1. The problem statement, all variables and given/known data
I should write a program that determines how many columns of a given matrix are a permutation. The user will input some number N <=20 which will be the size of our matrix NxN. Then he will input the individual elements of the matrix by rows. I need to find out how many columns are the permuation of 1,...,N (column can only contain those numbers in random order).

Example:
Input:
3
1 2 2
3 1 1
2 3 1
Output:
2

2. Relevant equations

3. The attempt at a solution
I have written a code that works and should be usable. However I believe there should be more elegant solution to this.. Probably by using a function that will check each column of the matrix and determine if it is the desired permutation. If it is we will increase some variable "result" by one. I am not quite sure how to best check if the column is the given permutation.. probably by having some array prepared and always tick off the number we find in our column and if the numbers match the numbers 1,...,N we know it is a permutation? Anyway I am not quite sure if that is the best way to do it and I would appreciate your help. What do you think of the solution below and how can I actually write such a function? I have never really worked with functions and arrays.
Thanks.

Code (Text):
program columnPerm;
var A:array[1..20,1..20] of integer;
var N,C,R,i,differ,count,total:integer;
var correct:boolean;

begin
for R:=1 to N do
begin
for C:=1 to N do
begin
end;
end;

for C:=1 to N do
begin
count:=0;
if A[1,C]< (N+1) then
if A[1,C]>0
then count:=(count+1);
for R:=2 to N do
begin
correct:=true;
differ:=0;
for i:=1 to (R-1) do
begin
if A[R,C] <> A[i,C] then
differ:=(differ+1);
end;

if differ <> (R-1) then correct:=false;
if (A[R,C] > N) or (A[R,C] < 1) then correct:=false;
if correct then count:=(count+1);
end;

if count=N then total:=(total+1);
end;

write(total);

end.

2. Dec 7, 2015

### RUber

If you start by saving your input matrix as a sorted (within columns) copy of itself, then you can do a 1 to 1 comparison of the columns, since you will have removed any permutations.

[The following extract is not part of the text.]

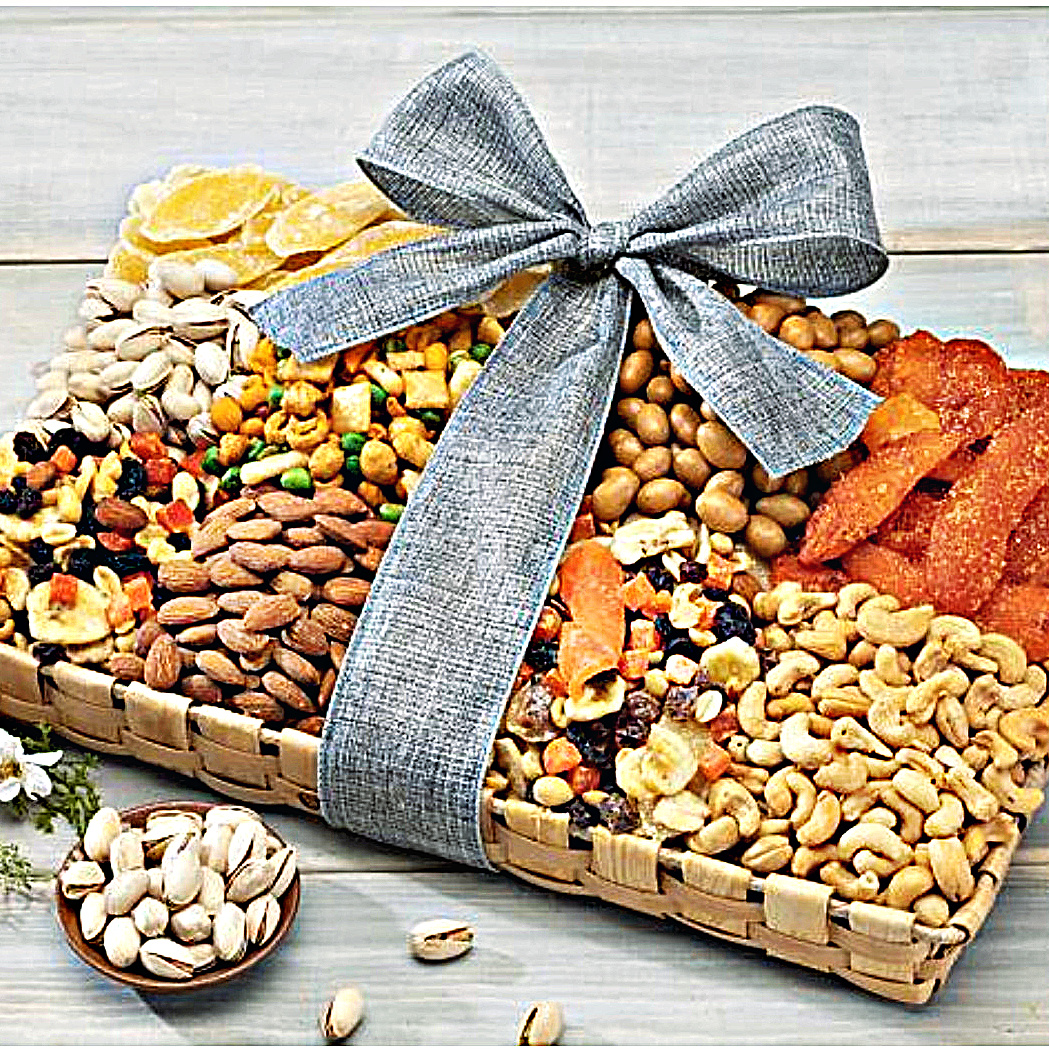 Ultimate Mixed Nuts and Dried Fruit Gift Tray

A second option might be to use the fact that your ideal column will have only one of each number. You could do something to isolate the maximum occurrence of any number in a column. If this is not 1, then it cannot be a permutation of 1...N.

3. Dec 7, 2015

### tawi

Is there an easy way to sort the columns? Can't think of any. I feel like if I wanted to do that the code would be just as long as the one I have already written.

Last edited: Dec 7, 2015